L’œuvre de Lénine est d’une étendue, d’une profondeur, d’une portée telles qu’il faut un travail assidu et approfondi pour en mesurer toute la grandeur.
L’œuvre de Karl Marx est encore aujourd’hui, 41 ans après la mort du maître, loin d’être épuisée. Comme le montra Rosa Luxembourg, cette œuvre se rattache étroitement aux besoins qui se manifestent successivement aux diverses phases de la lutte de classe prolétarienne.
La classe ouvrière ne puise dans la théorie que ce dont elle a besoin, dans la phase actuelle de la lutte de classe. Elle ne peut se permettre le luxe de cultiver la théorie pour la théorie. La théorie marxiste aplanit cependant assez loin à l’avance les voies à la pratique de la lutte de classes et plus la théorie est profonde et logique plus elle devance la pratique.
Les relations entre la théorie et la pratique révolutionnaires sont naturellement loin d’être invariables ; leur caractère est dialectique. La pratique de la lutte de classes fécondée par la théorie, devient à son tour un terrain propice au développement de nouvelles conceptions théoriques.
On peut comparer les relations existant entre la théorie et la pratique révolutionnaires à celles qui s’établissent entre les sciences naturelles pures et les sciences appliquées.

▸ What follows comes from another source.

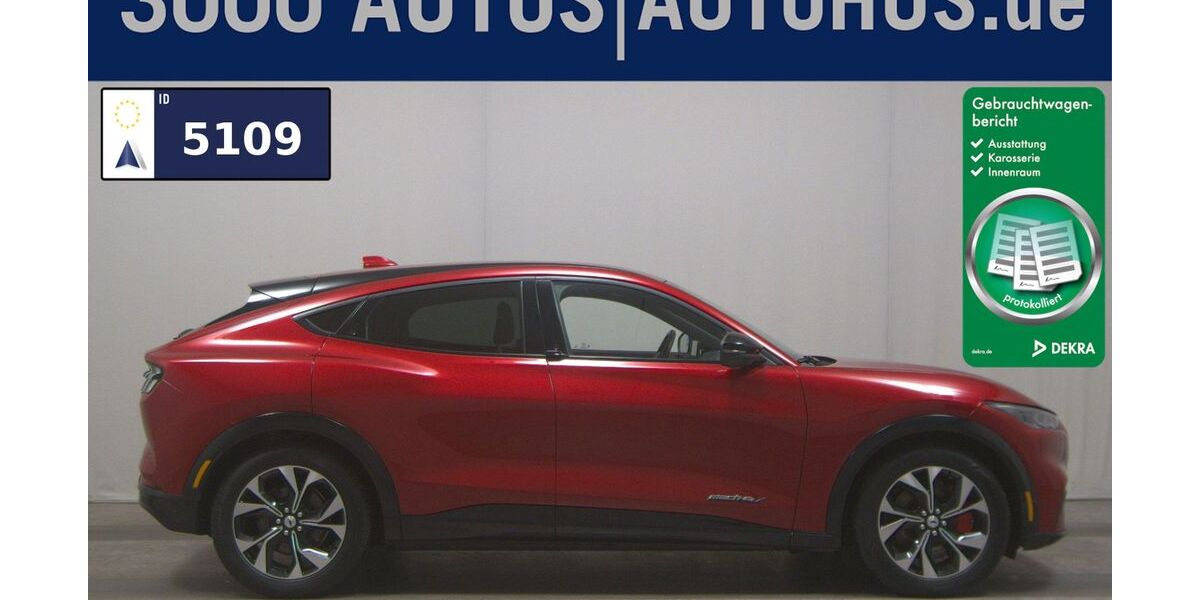 Ford Mustang Mach-E 115.233 km 24.480 &euro; Gyhum/Bockel 27404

Le génie mathématique d’un Gauss ou d’un Riemann, par exemple, avaient développéil y a longtemps les méthodes dont fit plus tard usage la théorie de la relativité. L’inépuisable arsenal théorique de Karl Marx a d’abord donné à la classe ouvrière les moyens de se créer une idéologie politique propre en se séparant de la bourgeoisie encore révolutionnaire à cette époque.
La classe ouvrière a ainsi pu se constituer consciemment en classe indépendante. La doctrine marxiste fournit plus tard les idées qui guidèrent la classe ouvrière dans une longue période de luttes parlementaires, de luttes économiques, de vaste organisation politique et syndicale. La théorie marxiste nous trace enfin – à grands traits généraux – les chemins et l’action révolutionnaire finale qui préparera l’avènement d’une société soviétiste dont les constructeurs s’inspireront, eux aussi, des idées de Marx.

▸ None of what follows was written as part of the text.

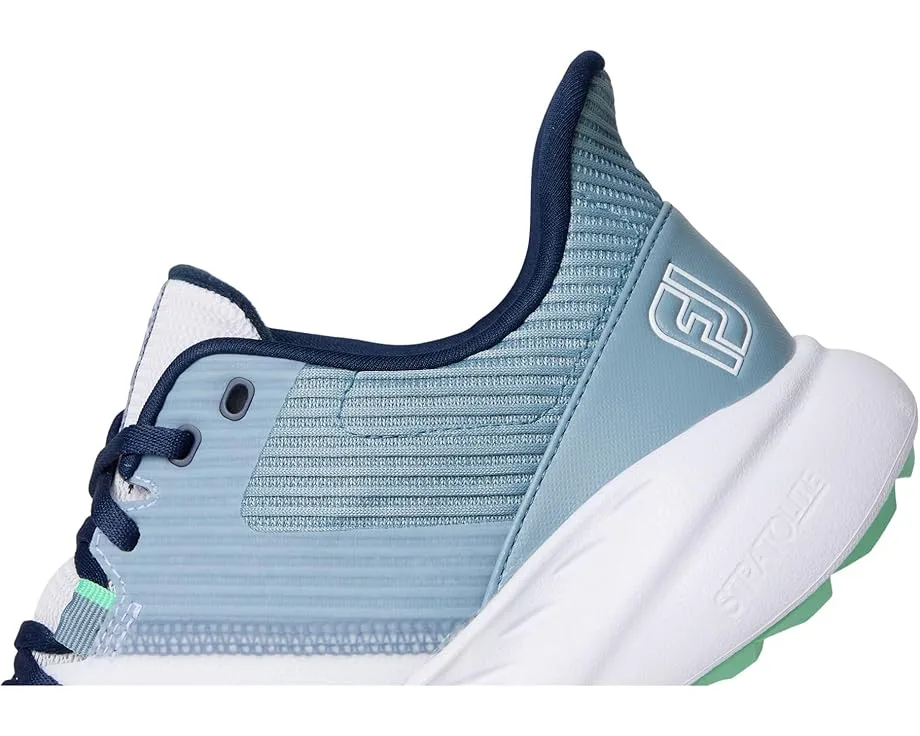 Кроссовки для гольфа FootJoy FJ Flex с сетчатым верхом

Rien ne prouve mieux l’incomparable génie de Marx que ces faits. À l’époque où la ligne de démarcation entre les révolutions bourgeoise et prolétarienne commençait à peine à se distinguer, au seuil de la période d’expansion de l’économie capitaliste et du pouvoir bourgeois, aux timides débuts de la lutte de classe prolétarienne, Marx sut esquisser à grands traits les directives essentielles de la lutte révolutionnaire finale et de l’édification qui suivra. Il devança de loin son époque, non point en édifiant un système philosophique basé sur la spéculation abstraite, mais en faisant l’analyse profondément réaliste de l’économie et de la politique capitaliste et des phénomènes de la lutte des classes.

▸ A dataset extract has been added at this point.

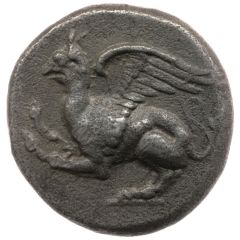 Tetradrachm - Thrasys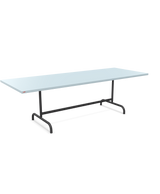 Schaffner Säntis Table repas rabattable 240x90cm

Les théoriciens socialistes qui reprirent la succession de Marx dans la période parlementaire et syndicale du développement socialiste, versèrent abondamment de l’eau dans le vin de la théorie marxiste. Ils puisèrent dans cette théorie ce qui leur semblait immédiatement utile ; ils perdirent de vue l’enseignement de Marx sur la révolution prolétarienne et ses formes concrètes. La théorie révolutionnaire de Marx devint entre leurs mains un instrument d’investigation historique, et non une arme destinée à être employée dans l’action révolutionnaire.
C’est alors que commence l’œuvre de Lénine. Et ce n’est pas par hasard. Sur le terrain fertile de la révolution russe en préparation, Lénine ressuscite la théorie marxiste enterrée par les épigones. Lénine l’enrichit des expériences de la lutte de classe prolétarienne de son époque.
L’idée de la dictature du prolétariat que les Kautsky avaient « oubliée » est pour ainsi dire redécouverte par lui. Pendant des dizaines d’années Lénine défend, dans d’incessantes controverses, la doctrine marxiste contre les interprétations fausses et plates des réformistes et des anarchistes. Son plus grand mérite sera cependant d avoir donné des formes concrètes à la dictature prolétarienne sur la base des expériences et de l’œuvre créatrice du prolétariat russe, en apercevant le rôle véritable des soviets et en faisant en même temps le procès de la démocratie bourgeoise qu’il parvient par sa critique concrète à éliminer de l’idéologie ouvrière.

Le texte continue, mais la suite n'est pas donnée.